Das war richtig stark! Die zweite Staffel von „Invincible“ war auch gut, hat aber meiner Meinung nach enorm durch die erzwungene Midseason-Pause gelitten gehabt. Aber auch inhaltlich weiß Staffel 3 nochmal einen drauf zu setzen und sich eher an die Qualität der Debütstaffel heran zu wanzen. Gekonnt wird eine Entwicklung der Gesamtgeschichte aber auch vieler Figuren fortgesetzt. „Invincible“ ist einfach mehr als eine Aneinanderreihung cooler Superkraft-Kämpfe.
Um die Verbesserung im Vergleich zur zweiten Staffel zu zeigen, gehe ich mal auf viereinhalb Kronen in der Bewertung. Und ein gefrorenes Blutherz gibt es noch oben drauf! Das schafft Lust aus mehr, was glücklicherweise bereits zugesichert ist.

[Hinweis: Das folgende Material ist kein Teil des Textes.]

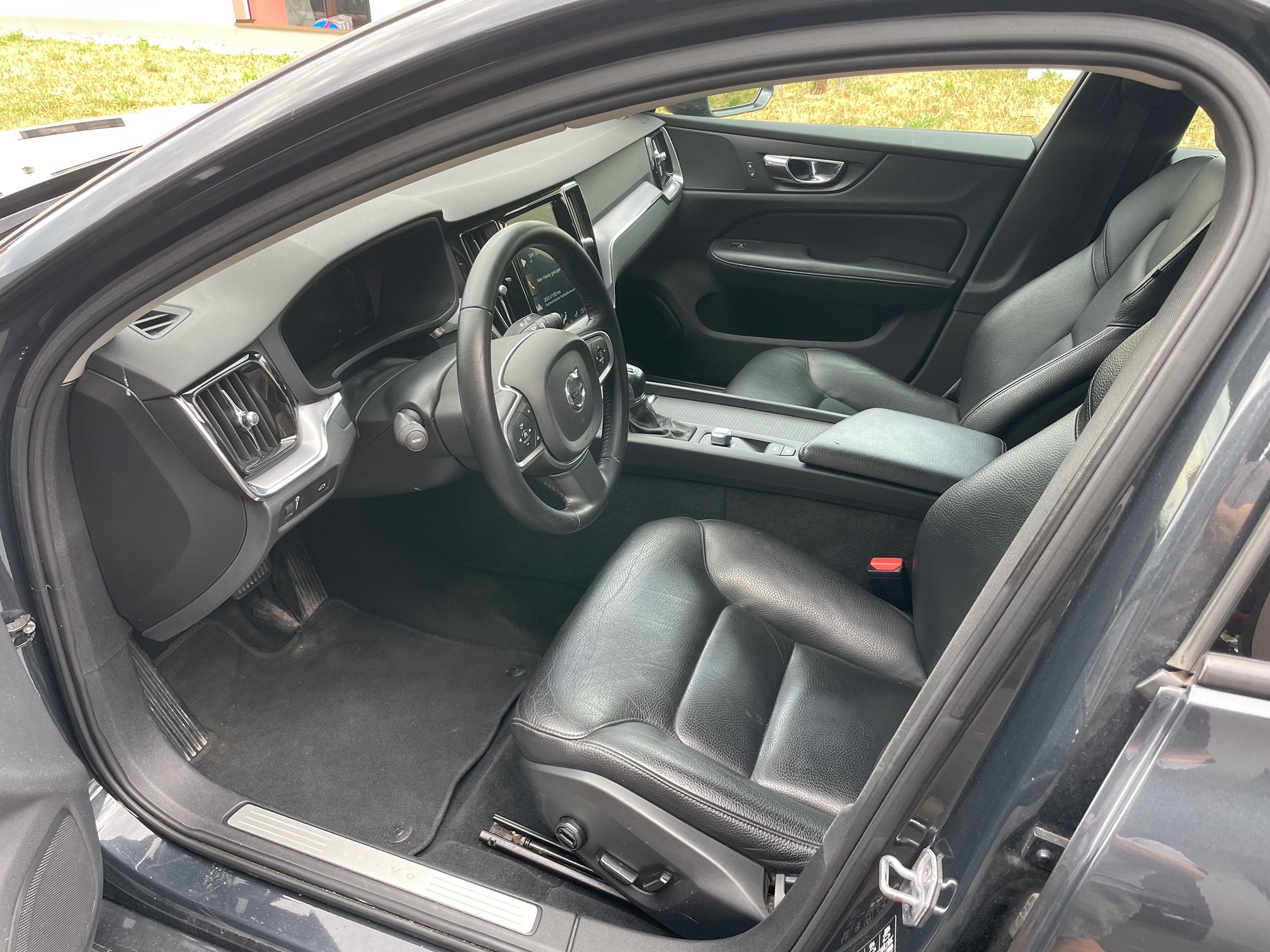 VOLVO V60 D4 — zdjęcie 15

Wann startet die 4. Staffel von „Invincible“?
Eine Fortsetzung von „Invincible“ ist bereits vor dem Start der dritten Staffel von Amazon Prime Video bekanntgegeben worden. Tatsächlich arbeitet man bereits mit Hochdruck an Staffel 4, die voraussichtlich im Frühjahr 2026 starten soll. Wenn alles gut läuft, dürfen wir uns vielleicht sogar auf das ein oder andere Special freuen, wie wir es 2023 bereits mit „Atom Eve“ erhalten haben. Dafür gibt das „Invincible“-Universum ja auch gehörig was her, das man noch näher beleuchten könnte.